Extracted records
##############################
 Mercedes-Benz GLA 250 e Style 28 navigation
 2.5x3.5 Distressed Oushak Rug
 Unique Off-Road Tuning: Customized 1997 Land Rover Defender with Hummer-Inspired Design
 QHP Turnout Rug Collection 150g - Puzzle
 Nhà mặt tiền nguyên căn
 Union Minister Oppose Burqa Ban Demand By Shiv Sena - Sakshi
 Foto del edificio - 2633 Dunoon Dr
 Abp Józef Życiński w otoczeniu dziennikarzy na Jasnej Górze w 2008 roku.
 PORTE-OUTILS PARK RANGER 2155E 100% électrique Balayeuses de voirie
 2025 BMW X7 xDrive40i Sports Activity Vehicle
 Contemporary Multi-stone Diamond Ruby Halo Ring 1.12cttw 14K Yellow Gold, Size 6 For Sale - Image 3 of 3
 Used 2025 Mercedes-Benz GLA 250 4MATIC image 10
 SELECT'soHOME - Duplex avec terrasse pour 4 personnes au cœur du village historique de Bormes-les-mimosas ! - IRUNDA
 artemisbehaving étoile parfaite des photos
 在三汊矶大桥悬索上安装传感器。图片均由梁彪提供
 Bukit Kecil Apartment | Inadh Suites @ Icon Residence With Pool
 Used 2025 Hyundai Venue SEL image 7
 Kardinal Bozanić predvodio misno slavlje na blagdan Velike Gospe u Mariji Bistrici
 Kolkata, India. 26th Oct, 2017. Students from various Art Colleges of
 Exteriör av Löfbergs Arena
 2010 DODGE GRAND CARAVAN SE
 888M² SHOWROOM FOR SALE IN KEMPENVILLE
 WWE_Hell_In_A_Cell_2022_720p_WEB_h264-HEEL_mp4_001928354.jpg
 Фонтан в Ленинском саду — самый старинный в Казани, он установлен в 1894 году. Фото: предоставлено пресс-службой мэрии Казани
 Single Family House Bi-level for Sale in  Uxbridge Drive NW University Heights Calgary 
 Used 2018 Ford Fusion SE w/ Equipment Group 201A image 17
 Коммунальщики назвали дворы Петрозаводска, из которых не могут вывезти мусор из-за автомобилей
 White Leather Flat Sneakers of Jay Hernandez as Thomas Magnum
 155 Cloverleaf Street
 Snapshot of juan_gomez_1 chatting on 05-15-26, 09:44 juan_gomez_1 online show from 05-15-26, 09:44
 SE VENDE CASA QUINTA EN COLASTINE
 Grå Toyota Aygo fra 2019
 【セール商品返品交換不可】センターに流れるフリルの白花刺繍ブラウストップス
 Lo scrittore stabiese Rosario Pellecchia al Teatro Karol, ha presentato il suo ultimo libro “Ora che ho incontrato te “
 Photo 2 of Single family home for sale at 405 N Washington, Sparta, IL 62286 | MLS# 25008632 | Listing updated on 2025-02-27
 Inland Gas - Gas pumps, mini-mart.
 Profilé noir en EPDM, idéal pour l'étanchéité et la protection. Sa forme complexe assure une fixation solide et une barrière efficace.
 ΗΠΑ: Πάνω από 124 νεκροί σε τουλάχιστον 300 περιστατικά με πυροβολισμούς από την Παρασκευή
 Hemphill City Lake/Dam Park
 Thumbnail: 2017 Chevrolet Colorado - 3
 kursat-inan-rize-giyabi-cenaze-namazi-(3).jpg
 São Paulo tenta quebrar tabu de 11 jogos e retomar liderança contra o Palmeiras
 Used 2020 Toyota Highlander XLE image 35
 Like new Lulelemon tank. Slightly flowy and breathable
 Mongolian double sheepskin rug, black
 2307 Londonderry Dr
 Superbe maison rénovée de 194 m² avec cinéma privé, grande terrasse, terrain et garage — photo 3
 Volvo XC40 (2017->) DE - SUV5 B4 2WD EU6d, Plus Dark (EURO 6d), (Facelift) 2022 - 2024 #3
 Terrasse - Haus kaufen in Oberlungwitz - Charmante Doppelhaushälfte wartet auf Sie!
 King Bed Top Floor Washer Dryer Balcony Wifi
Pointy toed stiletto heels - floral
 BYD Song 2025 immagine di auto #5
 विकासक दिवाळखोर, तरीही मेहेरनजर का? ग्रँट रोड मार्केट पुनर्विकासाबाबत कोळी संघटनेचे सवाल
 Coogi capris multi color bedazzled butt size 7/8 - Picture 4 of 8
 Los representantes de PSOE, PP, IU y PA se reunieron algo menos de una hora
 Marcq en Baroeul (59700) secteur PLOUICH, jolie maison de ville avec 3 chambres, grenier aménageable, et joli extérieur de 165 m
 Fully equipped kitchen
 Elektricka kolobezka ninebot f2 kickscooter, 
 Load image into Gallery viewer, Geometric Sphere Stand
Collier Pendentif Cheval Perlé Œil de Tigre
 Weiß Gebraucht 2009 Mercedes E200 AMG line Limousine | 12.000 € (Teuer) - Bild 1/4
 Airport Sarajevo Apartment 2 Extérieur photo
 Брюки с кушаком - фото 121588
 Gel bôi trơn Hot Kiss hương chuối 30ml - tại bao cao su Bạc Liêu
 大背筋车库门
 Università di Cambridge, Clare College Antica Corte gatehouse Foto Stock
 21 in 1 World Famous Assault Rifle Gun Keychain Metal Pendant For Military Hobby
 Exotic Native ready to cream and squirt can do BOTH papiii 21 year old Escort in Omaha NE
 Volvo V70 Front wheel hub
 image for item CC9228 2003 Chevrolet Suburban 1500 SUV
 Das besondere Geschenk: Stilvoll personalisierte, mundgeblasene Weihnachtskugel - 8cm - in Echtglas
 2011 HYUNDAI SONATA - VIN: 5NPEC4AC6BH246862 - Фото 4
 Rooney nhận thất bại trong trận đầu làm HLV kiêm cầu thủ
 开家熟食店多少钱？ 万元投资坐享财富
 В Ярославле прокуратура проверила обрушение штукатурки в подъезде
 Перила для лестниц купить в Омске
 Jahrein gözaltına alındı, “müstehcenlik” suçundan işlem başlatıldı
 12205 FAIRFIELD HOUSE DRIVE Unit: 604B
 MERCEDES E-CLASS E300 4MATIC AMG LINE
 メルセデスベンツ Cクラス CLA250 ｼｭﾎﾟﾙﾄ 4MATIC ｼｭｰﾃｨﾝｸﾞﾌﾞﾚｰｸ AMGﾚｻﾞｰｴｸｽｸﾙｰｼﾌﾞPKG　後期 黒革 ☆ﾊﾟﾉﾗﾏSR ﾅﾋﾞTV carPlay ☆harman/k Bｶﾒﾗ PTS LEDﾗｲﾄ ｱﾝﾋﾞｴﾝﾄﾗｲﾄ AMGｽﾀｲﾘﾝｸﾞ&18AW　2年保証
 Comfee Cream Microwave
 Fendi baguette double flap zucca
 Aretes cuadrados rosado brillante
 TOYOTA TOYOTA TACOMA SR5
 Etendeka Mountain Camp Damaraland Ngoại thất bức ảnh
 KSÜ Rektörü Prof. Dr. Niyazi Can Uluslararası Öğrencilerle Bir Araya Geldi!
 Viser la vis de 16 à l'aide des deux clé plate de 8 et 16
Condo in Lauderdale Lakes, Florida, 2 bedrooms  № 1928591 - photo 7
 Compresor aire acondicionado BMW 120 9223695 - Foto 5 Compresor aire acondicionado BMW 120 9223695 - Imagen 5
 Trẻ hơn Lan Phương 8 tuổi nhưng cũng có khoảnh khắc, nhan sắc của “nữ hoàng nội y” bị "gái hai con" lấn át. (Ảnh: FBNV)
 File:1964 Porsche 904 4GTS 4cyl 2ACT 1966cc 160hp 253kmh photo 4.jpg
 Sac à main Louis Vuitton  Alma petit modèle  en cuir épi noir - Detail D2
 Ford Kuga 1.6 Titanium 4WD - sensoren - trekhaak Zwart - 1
##############################
__Work instructions__: Retype the records above exactly, so that no line differs from its source.

__Expected output__:
 Mercedes-Benz GLA 250 e Style 28 navigation
 2.5x3.5 Distressed Oushak Rug
 Unique Off-Road Tuning: Customized 1997 Land Rover Defender with Hummer-Inspired Design
 QHP Turnout Rug Collection 150g - Puzzle
 Nhà mặt tiền nguyên căn
 Union Minister Oppose Burqa Ban Demand By Shiv Sena - Sakshi
 Foto del edificio - 2633 Dunoon Dr
 Abp Józef Życiński w otoczeniu dziennikarzy na Jasnej Górze w 2008 roku.
 PORTE-OUTILS PARK RANGER 2155E 100% électrique Balayeuses de voirie
 2025 BMW X7 xDrive40i Sports Activity Vehicle
 Contemporary Multi-stone Diamond Ruby Halo Ring 1.12cttw 14K Yellow Gold, Size 6 For Sale - Image 3 of 3
 Used 2025 Mercedes-Benz GLA 250 4MATIC image 10
 SELECT'soHOME - Duplex avec terrasse pour 4 personnes au cœur du village historique de Bormes-les-mimosas ! - IRUNDA
 artemisbehaving étoile parfaite des photos
 在三汊矶大桥悬索上安装传感器。图片均由梁彪提供
 Bukit Kecil Apartment | Inadh Suites @ Icon Residence With Pool
 Used 2025 Hyundai Venue SEL image 7
 Kardinal Bozanić predvodio misno slavlje na blagdan Velike Gospe u Mariji Bistrici
 Kolkata, India. 26th Oct, 2017. Students from various Art Colleges of
 Exteriör av Löfbergs Arena
 2010 DODGE GRAND CARAVAN SE
 888M² SHOWROOM FOR SALE IN KEMPENVILLE
 WWE_Hell_In_A_Cell_2022_720p_WEB_h264-HEEL_mp4_001928354.jpg
 Фонтан в Ленинском саду — самый старинный в Казани, он установлен в 1894 году. Фото: предоставлено пресс-службой мэрии Казани
 Single Family House Bi-level for Sale in  Uxbridge Drive NW University Heights Calgary 
 Used 2018 Ford Fusion SE w/ Equipment Group 201A image 17
 Коммунальщики назвали дворы Петрозаводска, из которых не могут вывезти мусор из-за автомобилей
 White Leather Flat Sneakers of Jay Hernandez as Thomas Magnum
 155 Cloverleaf Street
 Snapshot of juan_gomez_1 chatting on 05-15-26, 09:44 juan_gomez_1 online show from 05-15-26, 09:44
 SE VENDE CASA QUINTA EN COLASTINE
 Grå Toyota Aygo fra 2019
 【セール商品返品交換不可】センターに流れるフリルの白花刺繍ブラウストップス
 Lo scrittore stabiese Rosario Pellecchia al Teatro Karol, ha presentato il suo ultimo libro “Ora che ho incontrato te “
 Photo 2 of Single family home for sale at 405 N Washington, Sparta, IL 62286 | MLS# 25008632 | Listing updated on 2025-02-27
 Inland Gas - Gas pumps, mini-mart.
 Profilé noir en EPDM, idéal pour l'étanchéité et la protection. Sa forme complexe assure une fixation solide et une barrière efficace.
 ΗΠΑ: Πάνω από 124 νεκροί σε τουλάχιστον 300 περιστατικά με πυροβολισμούς από την Παρασκευή
 Hemphill City Lake/Dam Park
 Thumbnail: 2017 Chevrolet Colorado - 3
 kursat-inan-rize-giyabi-cenaze-namazi-(3).jpg
 São Paulo tenta quebrar tabu de 11 jogos e retomar liderança contra o Palmeiras
 Used 2020 Toyota Highlander XLE image 35
 Like new Lulelemon tank. Slightly flowy and breathable
 Mongolian double sheepskin rug, black
 2307 Londonderry Dr
 Superbe maison rénovée de 194 m² avec cinéma privé, grande terrasse, terrain et garage — photo 3
 Volvo XC40 (2017->) DE - SUV5 B4 2WD EU6d, Plus Dark (EURO 6d), (Facelift) 2022 - 2024 #3
 Terrasse - Haus kaufen in Oberlungwitz - Charmante Doppelhaushälfte wartet auf Sie!
 King Bed Top Floor Washer Dryer Balcony Wifi
Pointy toed stiletto heels - floral
 BYD Song 2025 immagine di auto #5
 विकासक दिवाळखोर, तरीही मेहेरनजर का? ग्रँट रोड मार्केट पुनर्विकासाबाबत कोळी संघटनेचे सवाल
 Coogi capris multi color bedazzled butt size 7/8 - Picture 4 of 8
 Los representantes de PSOE, PP, IU y PA se reunieron algo menos de una hora
 Marcq en Baroeul (59700) secteur PLOUICH, jolie maison de ville avec 3 chambres, grenier aménageable, et joli extérieur de 165 m
 Fully equipped kitchen
 Elektricka kolobezka ninebot f2 kickscooter, 
 Load image into Gallery viewer, Geometric Sphere Stand
Collier Pendentif Cheval Perlé Œil de Tigre
 Weiß Gebraucht 2009 Mercedes E200 AMG line Limousine | 12.000 € (Teuer) - Bild 1/4
 Airport Sarajevo Apartment 2 Extérieur photo
 Брюки с кушаком - фото 121588
 Gel bôi trơn Hot Kiss hương chuối 30ml - tại bao cao su Bạc Liêu
 大背筋车库门
 Università di Cambridge, Clare College Antica Corte gatehouse Foto Stock
 21 in 1 World Famous Assault Rifle Gun Keychain Metal Pendant For Military Hobby
 Exotic Native ready to cream and squirt can do BOTH papiii 21 year old Escort in Omaha NE
 Volvo V70 Front wheel hub
 image for item CC9228 2003 Chevrolet Suburban 1500 SUV
 Das besondere Geschenk: Stilvoll personalisierte, mundgeblasene Weihnachtskugel - 8cm - in Echtglas
 2011 HYUNDAI SONATA - VIN: 5NPEC4AC6BH246862 - Фото 4
 Rooney nhận thất bại trong trận đầu làm HLV kiêm cầu thủ
 开家熟食店多少钱？ 万元投资坐享财富
 В Ярославле прокуратура проверила обрушение штукатурки в подъезде
 Перила для лестниц купить в Омске
 Jahrein gözaltına alındı, “müstehcenlik” suçundan işlem başlatıldı
 12205 FAIRFIELD HOUSE DRIVE Unit: 604B
 MERCEDES E-CLASS E300 4MATIC AMG LINE
 メルセデスベンツ Cクラス CLA250 ｼｭﾎﾟﾙﾄ 4MATIC ｼｭｰﾃｨﾝｸﾞﾌﾞﾚｰｸ AMGﾚｻﾞｰｴｸｽｸﾙｰｼﾌﾞPKG　後期 黒革 ☆ﾊﾟﾉﾗﾏSR ﾅﾋﾞTV carPlay ☆harman/k Bｶﾒﾗ PTS LEDﾗｲﾄ ｱﾝﾋﾞｴﾝﾄﾗｲﾄ AMGｽﾀｲﾘﾝｸﾞ&18AW　2年保証
 Comfee Cream Microwave
 Fendi baguette double flap zucca
 Aretes cuadrados rosado brillante
 TOYOTA TOYOTA TACOMA SR5
 Etendeka Mountain Camp Damaraland Ngoại thất bức ảnh
 KSÜ Rektörü Prof. Dr. Niyazi Can Uluslararası Öğrencilerle Bir Araya Geldi!
 Viser la vis de 16 à l'aide des deux clé plate de 8 et 16
Condo in Lauderdale Lakes, Florida, 2 bedrooms  № 1928591 - photo 7
 Compresor aire acondicionado BMW 120 9223695 - Foto 5 Compresor aire acondicionado BMW 120 9223695 - Imagen 5
 Trẻ hơn Lan Phương 8 tuổi nhưng cũng có khoảnh khắc, nhan sắc của “nữ hoàng nội y” bị "gái hai con" lấn át. (Ảnh: FBNV)
 File:1964 Porsche 904 4GTS 4cyl 2ACT 1966cc 160hp 253kmh photo 4.jpg
 Sac à main Louis Vuitton  Alma petit modèle  en cuir épi noir - Detail D2
 Ford Kuga 1.6 Titanium 4WD - sensoren - trekhaak Zwart - 1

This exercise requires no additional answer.